JosephKJ/OWOD

Clarification regarding the protocol

akshay-raj-dhamija opened this issue · 2 comments

Thanks for the nice paper. The paper talks about

"setting the classification logits of the unseen classes to a large negative value (v), thus making their contribution to softmax negligible"

while this explains the training methodology difference between knowns and unknowns on the classification head, I was wondering what is the difference for the bounding box regression head and that for RPN.
That is when training the network initially for a 15+5 class problem setting, the labels for the 5 classes are ignored by fixing the logits for the classification problem but how are the bounding box annotations for these 5 classes used both at the localization head and the RPN?

Hi Akshay,

Thank you for the nice question. Kindly allow me to explain it in detail.

'setting the classification logits of the unseen classes to a large negative value (v)' was not done to explicitly help to model the 'unknown' classes. It was just to limit the number of neurons in the final classification to the number of seen classes, without explicitly changing the architecture (as the gradient will not propagate through these nodes for which the activations are set to large negative value). This is a standard setting followed in many class-incremental works.
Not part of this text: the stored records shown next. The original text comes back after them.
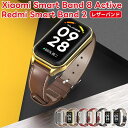 【早い者勝ち★300円Offクーポン】レザーバンド Xiaomi Smart Band 8 Active Redmi 2 対応 バンド 革 Acti スポーツバンド ストラップ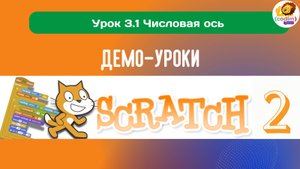 #Scratch. Урок 3.1 Числовая ось. Видеоуроки с нуля для детей 9-11 лет от школы Codim.Online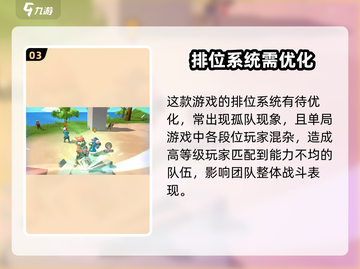香肠派对上线时间🔥超全推出时间表陪你玩转🎉截图4
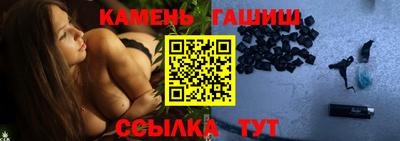 спиды Балашиха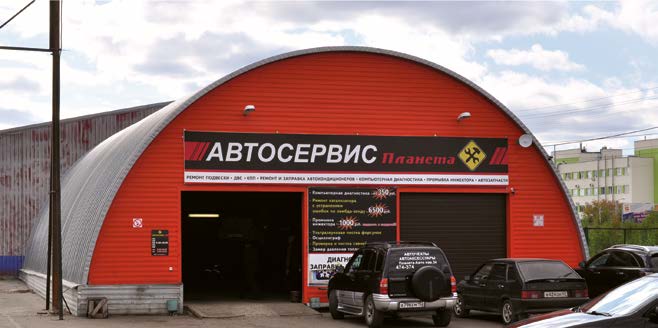 Бескаркасные арочные ангары 2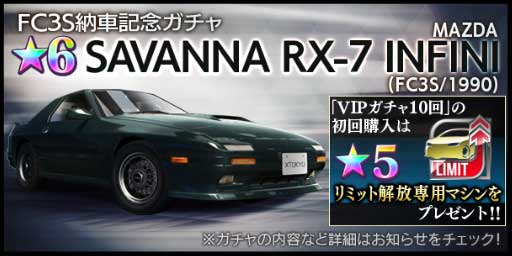 首都高バトル XTREME（エクストリーム）攻略 FC3S納車記念ガチャ 開催！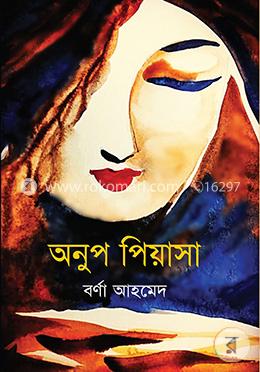 অনুপ পিয়াসা image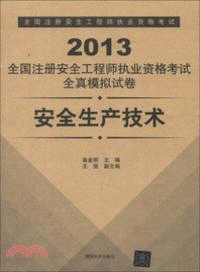 2013全國註冊安全工程師執業資格考試全真模擬試卷：安全生產技術（簡體書）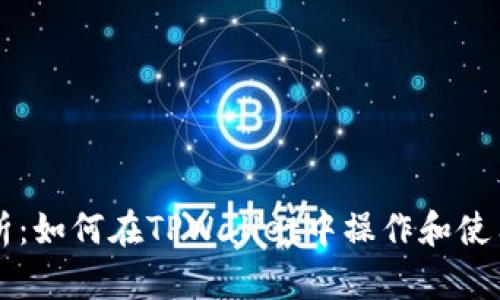 全面解析：如何在TPWallet中操作和使用BFEX？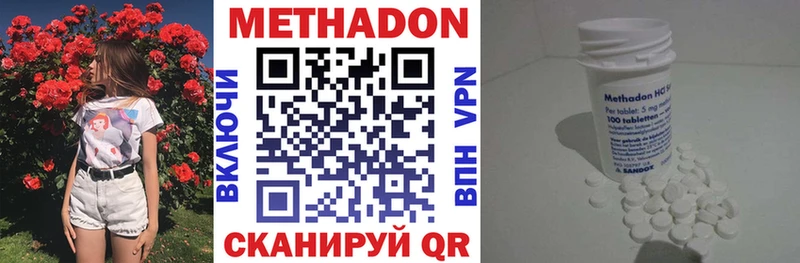 как найти закладки  Новосибирск  МЕТАДОН мёд 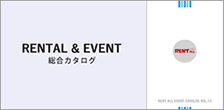 総合カタログ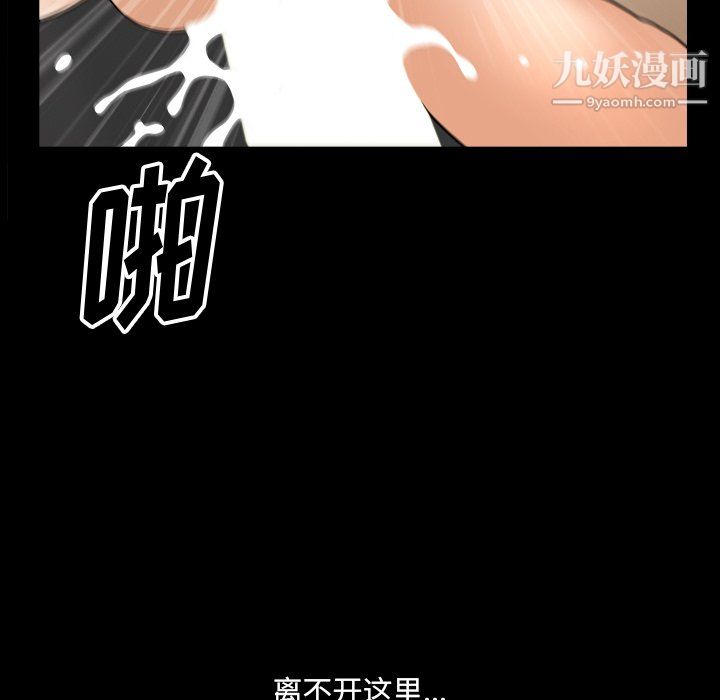 小混混第80话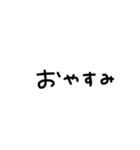 文字打つの面倒い（個別スタンプ：10）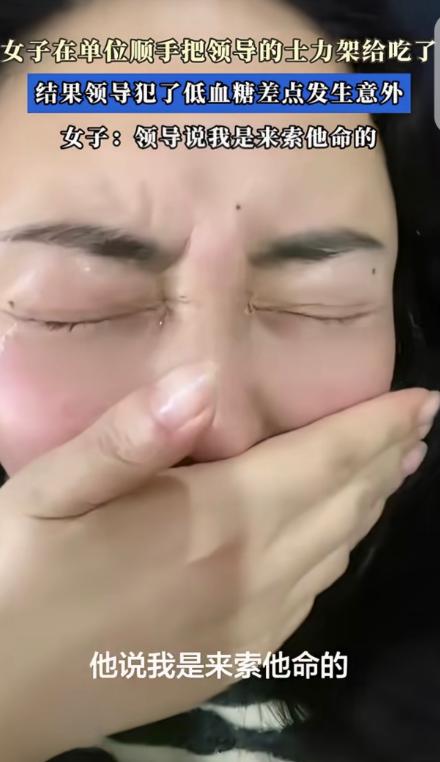 一女子下午在公司睡醒，觉得肚子有点饿，顺手拿起领导桌子上的士力架就吃了，结果万万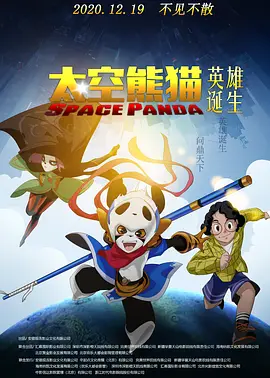 字幕全集免费观看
Such a requirement (implicitly modifying the network architecture based on the number of classes) is only for the classification head. Hence the RPN or the bounding box regression head doesnot have any such modification.

For the 15 + 5 experiment, labels for only the first 15 classes are considered. Please note that the model doesnot have access to any label (class / bounding-box) for the next 5 classes while learning the first 15 classes. Hence both classification head and regression head are learned only for these 15 classes. Neither RPN nor the regression head are learned in a class specific manner.

Please do let me know whether I was able to address the query clearly. If not, I would be happy to clarify further.

Thanks,
Joseph

Thanks for the prompt response. yes, it addresses my question.